The District of Columbia vs. Heller, a case challenging Washington, D.C.’s strict handgun regulations, initiated what Hollis-Brusky describes as a two-step process necessary for the court to change a law. 

“The first thing you need is at least five justices who agree with you. It’s a necessary condition, but it’s not sufficient,” she says. “Those five justices need to have the legitimacy of outside legal scholarship that justifies their opinion.” 

The scaffolding for the 2008 case, says Hollis-Brusky, was provided by the Federalist Society, home to conservative and libertarian legal scholars. 

“Long before the Supreme Court embraced the individual rights view of the Second Amendment, the Federalist Society had created a robust academic network to support that idea,” she says. Hollis-Brusky is skeptical that the most recent interpretation of the Second Amendment is the last. 

“We talk about constitutional principles, but I think very few on the left or the right adhere so steadfastly to those principles,” says Hollis-Brusky. “The terms of the debate— ‘Are you an originalist or are you a living constitutionalist?’—have shifted. You still need to look to history, but how do you use that history and how do you take into account contemporary circumstances? Those are the big driving questions.”

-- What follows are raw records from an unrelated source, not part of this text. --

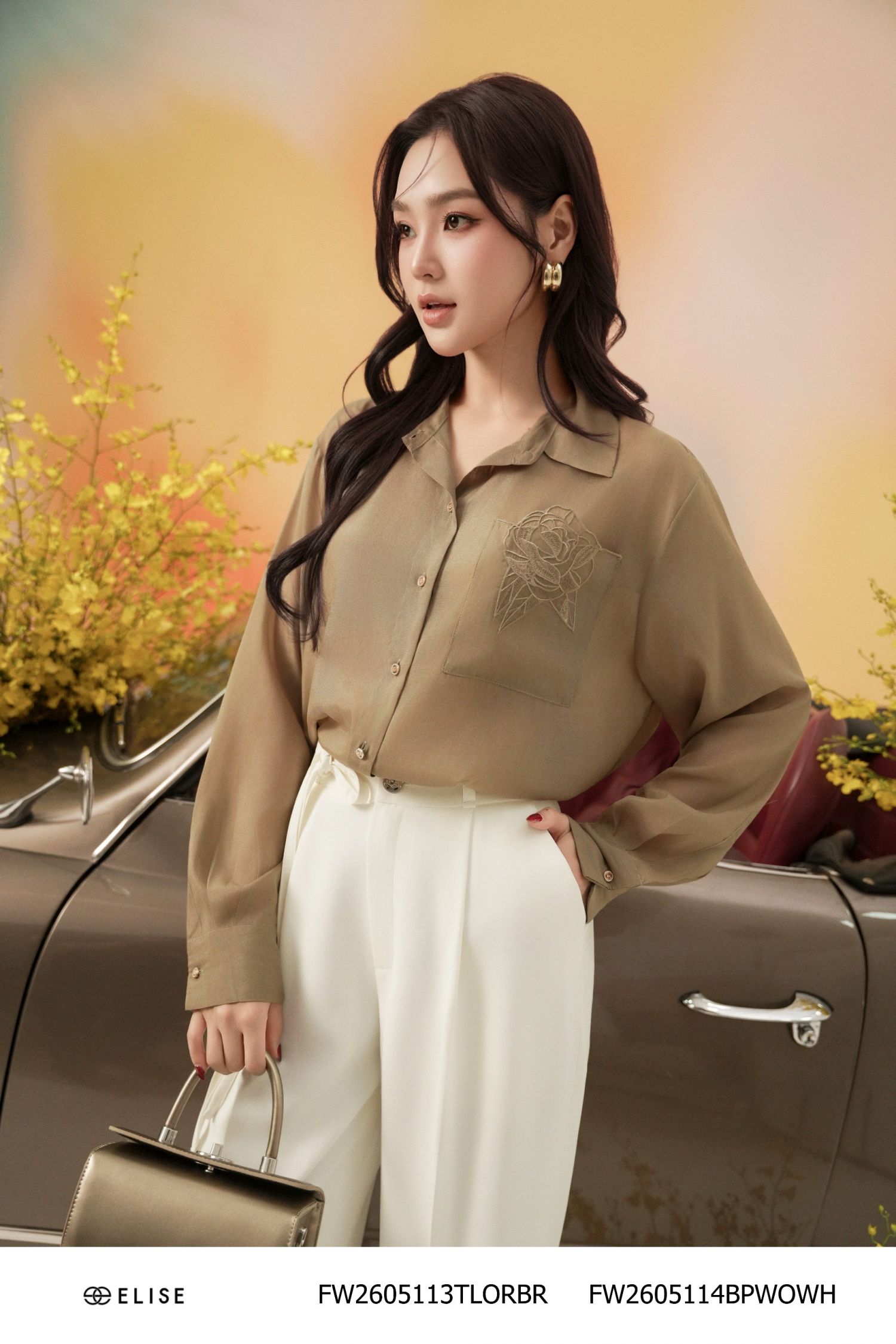 QUẦN SUÔNG TRẮNG DÂY CẠP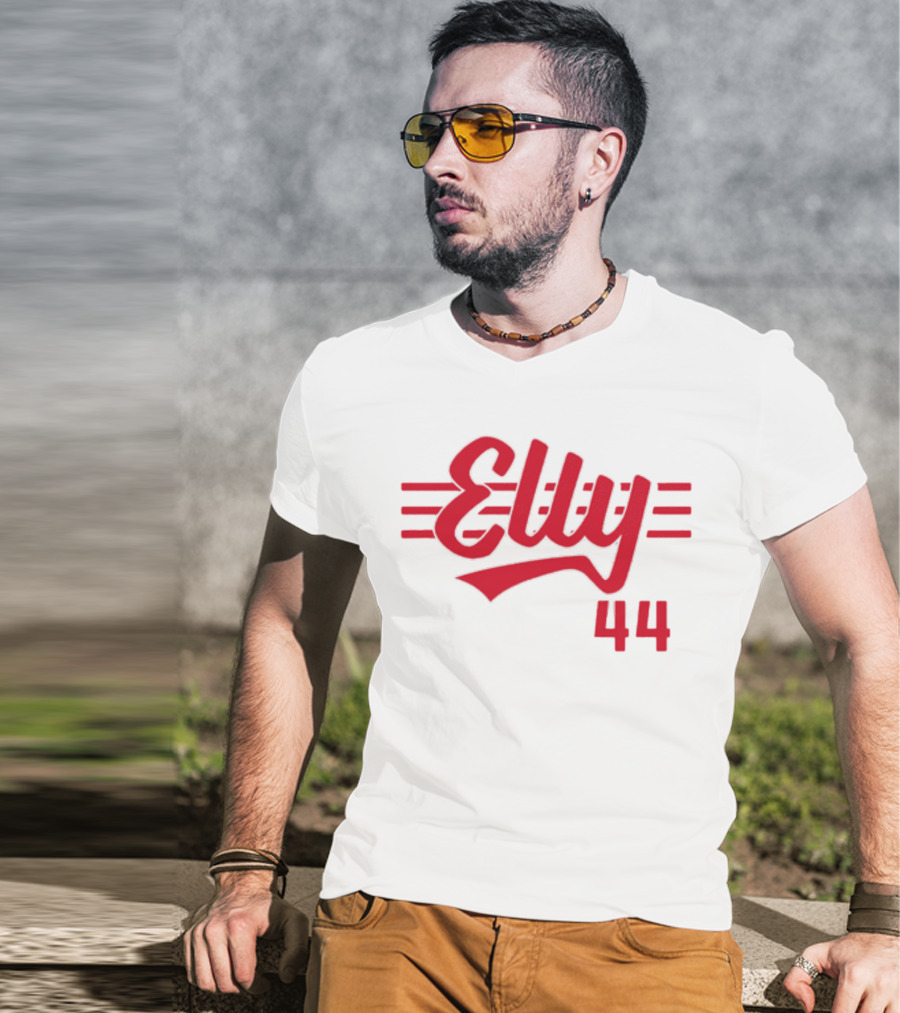 Elly 44 Cincinnati Script EDLC T-Shirt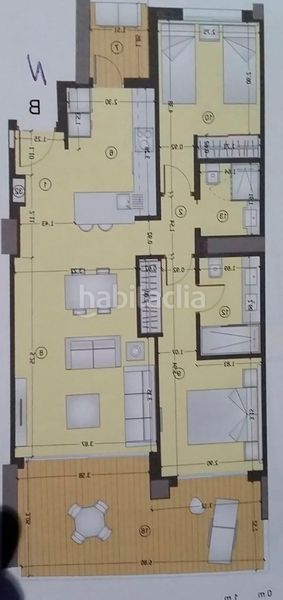 Foto 4c531614-6e5b-45b4-98f5-469a1a7183bf. Apartament amb calefacció piscina a Playa Poniente Benidorm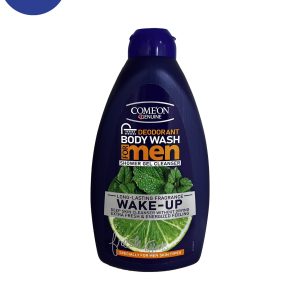 شامپو بدن ژلی مردانه کامان مدل موهیتو حجم510 میلcomean gel body shampoo for men, Mojito model, volume 510 ml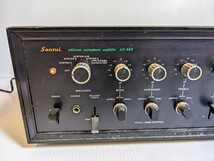 ジャンク品　sansui　サンスイ　AU-999　プリメインアンプ_画像3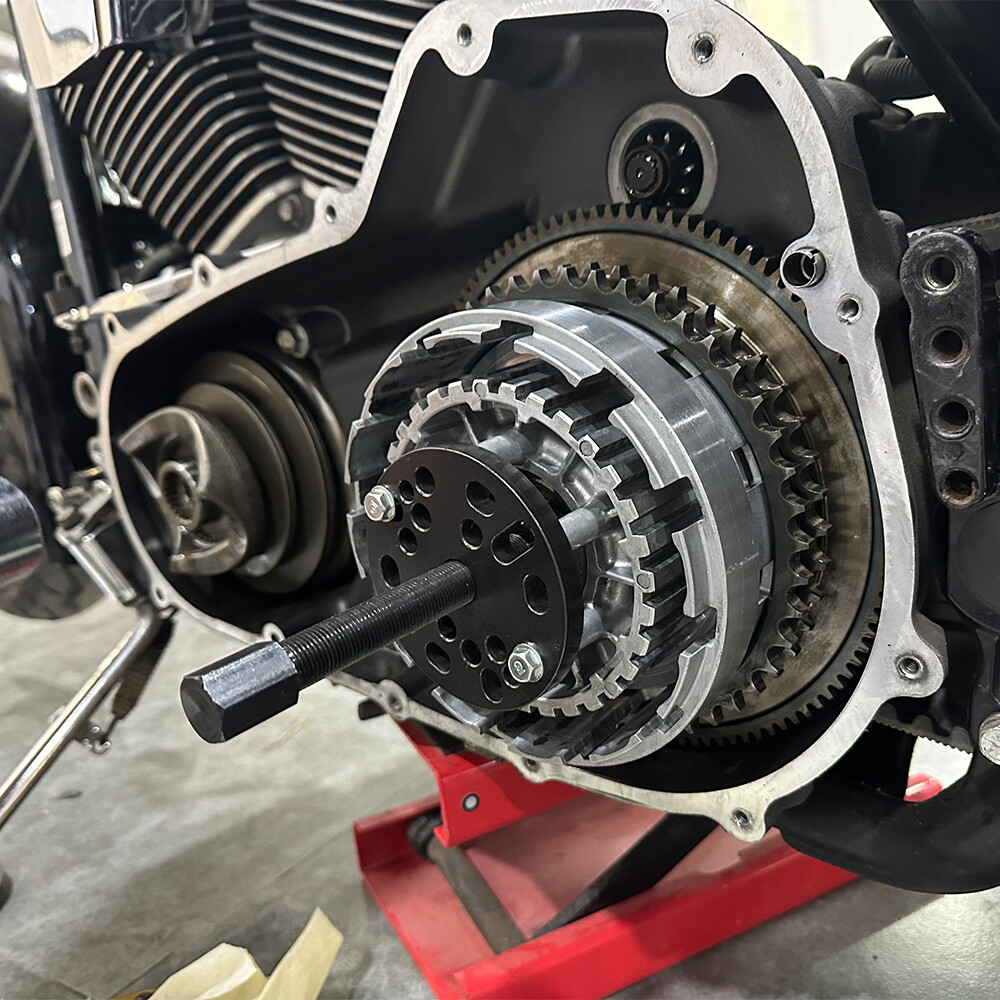 Clutch Hub & Alternator Puller Tool For Harley Dyna Softail Touring Big Twins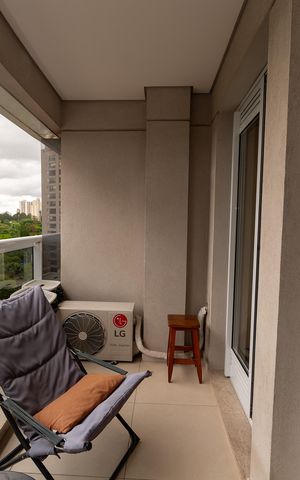 Apartamento à venda com 70m², 2 quartos e 1 vaga Apartamento à venda com 70m², 2 quartos e 1 vagaVaranda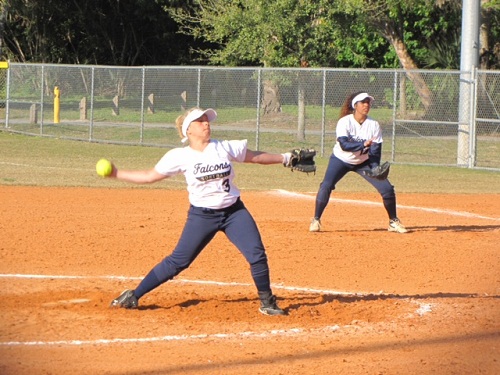 Lady Falcons fall to Truett McConnell
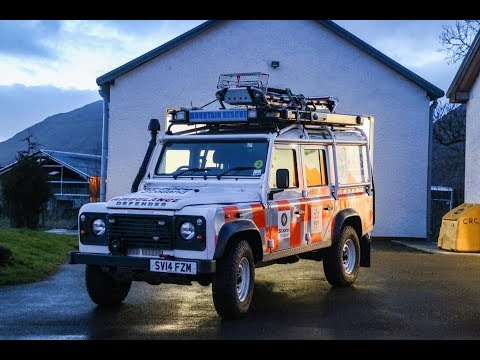 Ochils Mountain Rescue Off Road Driving Course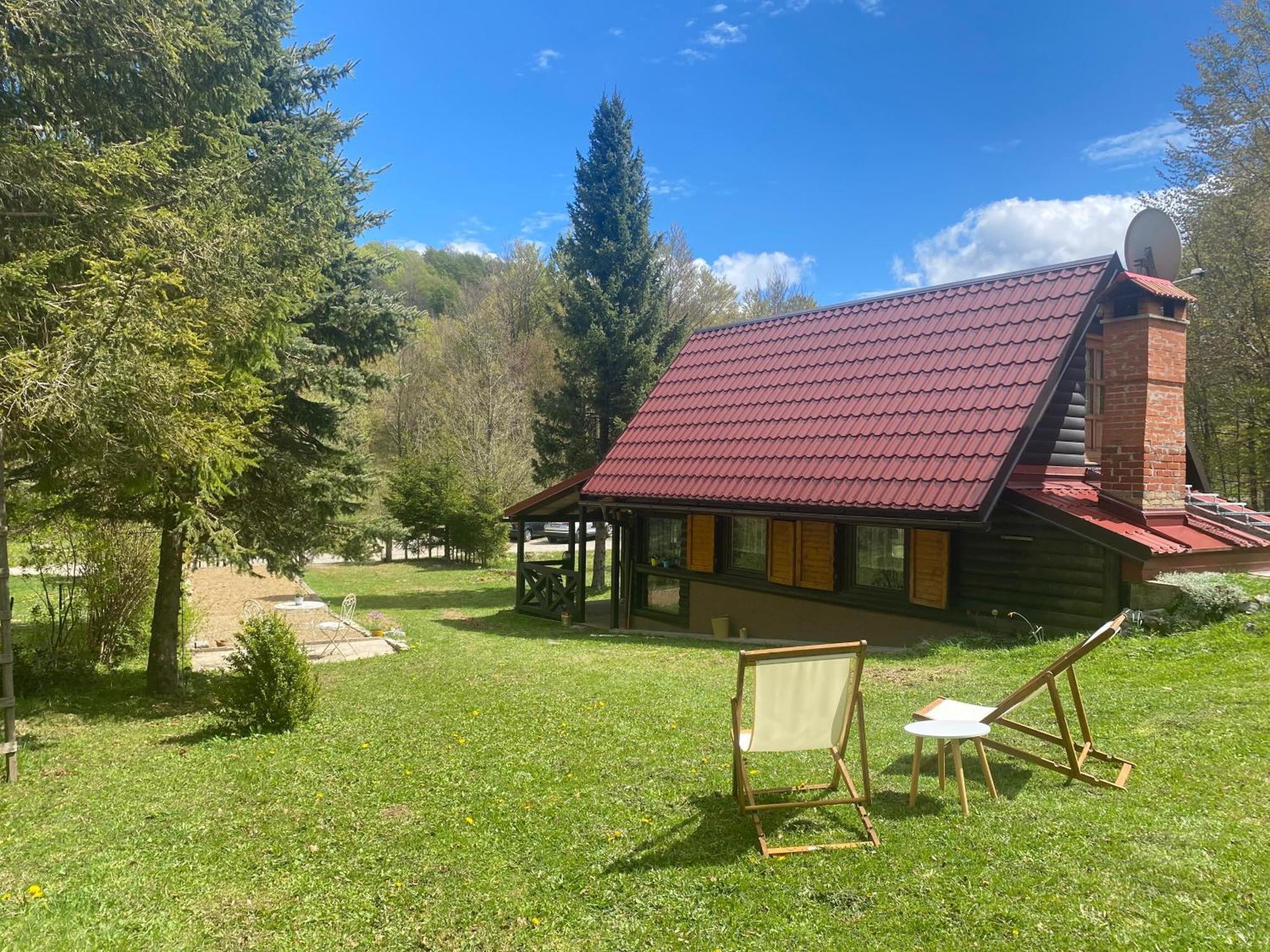 Villa Puhova Koliba à Delnice Extérieur photo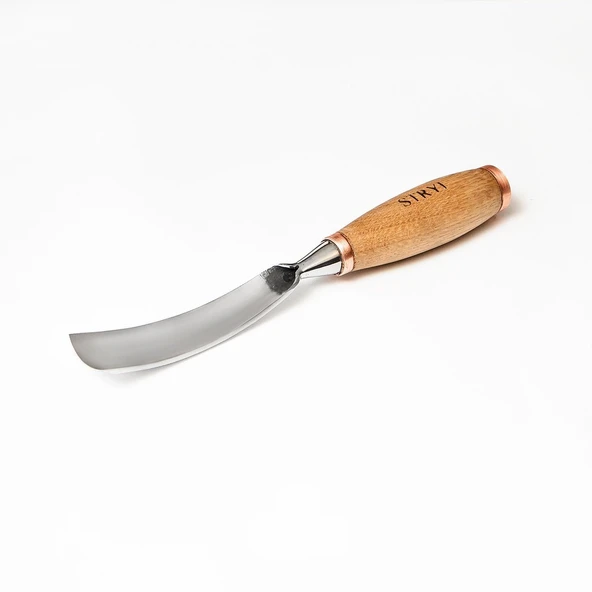 STRYI 166730 Bilezikli Geniş Oluklu Iskarpela 30 mm - 5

In the classroom and in her work with students on research, Hollis-Brusky says she sees the next generation of activists. “There is less cynicism and more interest in being strategic in how they engage with the system. One of the things I like to tell them in the post-2016 world is that this is a time of great political possibility, for better or for worse. Things we never imagined would happen are now happening. You have to throw out all the rules about what we ought to expect, and that opens up a lot of possibilities for people who want to reimagine the way we are.”